Dataset items:
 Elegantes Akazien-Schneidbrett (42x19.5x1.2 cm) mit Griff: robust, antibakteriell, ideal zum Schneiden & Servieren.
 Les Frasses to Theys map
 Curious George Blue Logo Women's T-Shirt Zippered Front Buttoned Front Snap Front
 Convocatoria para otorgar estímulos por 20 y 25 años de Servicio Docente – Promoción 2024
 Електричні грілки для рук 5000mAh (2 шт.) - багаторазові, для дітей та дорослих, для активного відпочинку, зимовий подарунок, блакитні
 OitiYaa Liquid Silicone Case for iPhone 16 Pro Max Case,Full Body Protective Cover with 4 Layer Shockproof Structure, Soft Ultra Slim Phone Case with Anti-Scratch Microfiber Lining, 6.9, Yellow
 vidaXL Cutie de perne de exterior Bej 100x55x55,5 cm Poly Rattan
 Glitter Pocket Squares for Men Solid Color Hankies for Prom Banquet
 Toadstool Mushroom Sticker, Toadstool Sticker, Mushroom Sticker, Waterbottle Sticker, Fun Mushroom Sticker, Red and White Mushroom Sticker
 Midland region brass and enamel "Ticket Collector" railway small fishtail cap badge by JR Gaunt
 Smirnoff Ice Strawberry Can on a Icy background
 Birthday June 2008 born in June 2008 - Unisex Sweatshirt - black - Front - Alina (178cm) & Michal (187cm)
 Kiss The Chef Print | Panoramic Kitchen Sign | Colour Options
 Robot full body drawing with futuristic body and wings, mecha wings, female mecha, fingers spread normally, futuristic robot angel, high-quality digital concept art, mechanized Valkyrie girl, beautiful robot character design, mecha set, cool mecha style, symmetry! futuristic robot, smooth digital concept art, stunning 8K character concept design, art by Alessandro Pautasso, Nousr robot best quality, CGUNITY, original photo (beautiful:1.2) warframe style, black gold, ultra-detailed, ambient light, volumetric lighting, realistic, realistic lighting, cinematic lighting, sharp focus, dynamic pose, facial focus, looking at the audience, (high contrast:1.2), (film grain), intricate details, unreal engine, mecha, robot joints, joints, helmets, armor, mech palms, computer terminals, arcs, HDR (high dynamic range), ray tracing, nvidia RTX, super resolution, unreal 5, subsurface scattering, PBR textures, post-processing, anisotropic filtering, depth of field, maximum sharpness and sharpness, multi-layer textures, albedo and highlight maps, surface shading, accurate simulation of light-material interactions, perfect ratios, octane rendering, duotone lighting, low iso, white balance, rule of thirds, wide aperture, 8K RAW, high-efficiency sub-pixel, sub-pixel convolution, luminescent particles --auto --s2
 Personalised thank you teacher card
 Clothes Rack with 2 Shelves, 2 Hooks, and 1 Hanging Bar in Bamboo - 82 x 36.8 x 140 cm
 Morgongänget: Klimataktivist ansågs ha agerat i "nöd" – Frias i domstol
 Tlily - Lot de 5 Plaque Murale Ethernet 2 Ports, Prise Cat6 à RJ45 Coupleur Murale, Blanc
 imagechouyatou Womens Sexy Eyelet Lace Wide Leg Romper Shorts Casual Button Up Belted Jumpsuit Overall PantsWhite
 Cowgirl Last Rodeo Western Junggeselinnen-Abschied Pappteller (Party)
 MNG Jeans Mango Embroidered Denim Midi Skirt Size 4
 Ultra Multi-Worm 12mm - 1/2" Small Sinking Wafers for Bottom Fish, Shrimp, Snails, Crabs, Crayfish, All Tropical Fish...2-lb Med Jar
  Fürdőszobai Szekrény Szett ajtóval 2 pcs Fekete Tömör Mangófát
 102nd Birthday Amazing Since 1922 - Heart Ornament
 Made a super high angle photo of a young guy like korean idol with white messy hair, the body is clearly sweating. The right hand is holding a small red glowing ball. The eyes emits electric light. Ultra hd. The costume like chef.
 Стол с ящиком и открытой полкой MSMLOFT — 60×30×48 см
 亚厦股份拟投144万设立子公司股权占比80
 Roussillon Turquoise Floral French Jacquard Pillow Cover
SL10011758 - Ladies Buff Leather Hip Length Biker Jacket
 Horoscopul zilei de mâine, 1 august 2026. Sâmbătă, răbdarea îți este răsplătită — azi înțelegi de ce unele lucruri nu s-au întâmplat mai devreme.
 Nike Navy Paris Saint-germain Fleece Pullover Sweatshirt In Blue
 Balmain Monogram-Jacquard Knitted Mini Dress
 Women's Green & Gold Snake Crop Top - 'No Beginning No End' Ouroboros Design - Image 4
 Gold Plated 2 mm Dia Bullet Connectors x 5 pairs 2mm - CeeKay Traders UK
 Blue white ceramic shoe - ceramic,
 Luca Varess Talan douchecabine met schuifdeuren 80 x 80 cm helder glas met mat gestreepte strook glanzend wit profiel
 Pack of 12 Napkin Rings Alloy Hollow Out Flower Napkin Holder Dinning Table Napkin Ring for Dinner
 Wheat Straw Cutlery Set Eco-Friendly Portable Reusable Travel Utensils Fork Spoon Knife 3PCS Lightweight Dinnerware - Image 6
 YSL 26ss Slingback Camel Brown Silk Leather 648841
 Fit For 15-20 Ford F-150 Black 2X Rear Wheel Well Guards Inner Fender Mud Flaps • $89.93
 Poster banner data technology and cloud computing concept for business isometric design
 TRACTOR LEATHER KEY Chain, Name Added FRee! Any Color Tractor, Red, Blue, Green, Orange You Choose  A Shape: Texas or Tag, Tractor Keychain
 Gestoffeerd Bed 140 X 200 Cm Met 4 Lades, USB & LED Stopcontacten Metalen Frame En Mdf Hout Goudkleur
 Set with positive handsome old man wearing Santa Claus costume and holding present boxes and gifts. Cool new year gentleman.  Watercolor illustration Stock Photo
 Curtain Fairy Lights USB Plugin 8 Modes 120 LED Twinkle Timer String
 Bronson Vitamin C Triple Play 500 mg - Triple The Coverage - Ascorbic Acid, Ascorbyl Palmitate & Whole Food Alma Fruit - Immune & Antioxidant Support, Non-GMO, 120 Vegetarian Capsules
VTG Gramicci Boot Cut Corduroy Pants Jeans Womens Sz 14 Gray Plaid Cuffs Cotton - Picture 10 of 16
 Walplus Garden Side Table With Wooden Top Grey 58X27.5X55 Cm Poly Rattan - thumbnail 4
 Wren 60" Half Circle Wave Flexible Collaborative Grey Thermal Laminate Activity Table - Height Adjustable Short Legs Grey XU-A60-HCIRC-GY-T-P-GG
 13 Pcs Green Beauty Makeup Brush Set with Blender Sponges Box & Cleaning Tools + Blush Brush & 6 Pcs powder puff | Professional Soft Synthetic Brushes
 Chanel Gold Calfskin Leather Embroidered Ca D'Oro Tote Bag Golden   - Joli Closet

INSTRUCTIONS TO FOLLOW. Using only the entries above, output the line with "Стол с ящиком", the line with "Pack of 12 Napkin", and all lines between them, exactly as they stand.

SOLUTION.
 Стол с ящиком и открытой полкой MSMLOFT — 60×30×48 см
 亚厦股份拟投144万设立子公司股权占比80
 Roussillon Turquoise Floral French Jacquard Pillow Cover
SL10011758 - Ladies Buff Leather Hip Length Biker Jacket
 Horoscopul zilei de mâine, 1 august 2026. Sâmbătă, răbdarea îți este răsplătită — azi înțelegi de ce unele lucruri nu s-au întâmplat mai devreme.
 Nike Navy Paris Saint-germain Fleece Pullover Sweatshirt In Blue
 Balmain Monogram-Jacquard Knitted Mini Dress
 Women's Green & Gold Snake Crop Top - 'No Beginning No End' Ouroboros Design - Image 4
 Gold Plated 2 mm Dia Bullet Connectors x 5 pairs 2mm - CeeKay Traders UK
 Blue white ceramic shoe - ceramic,
 Luca Varess Talan douchecabine met schuifdeuren 80 x 80 cm helder glas met mat gestreepte strook glanzend wit profiel
 Pack of 12 Napkin Rings Alloy Hollow Out Flower Napkin Holder Dinning Table Napkin Ring for Dinner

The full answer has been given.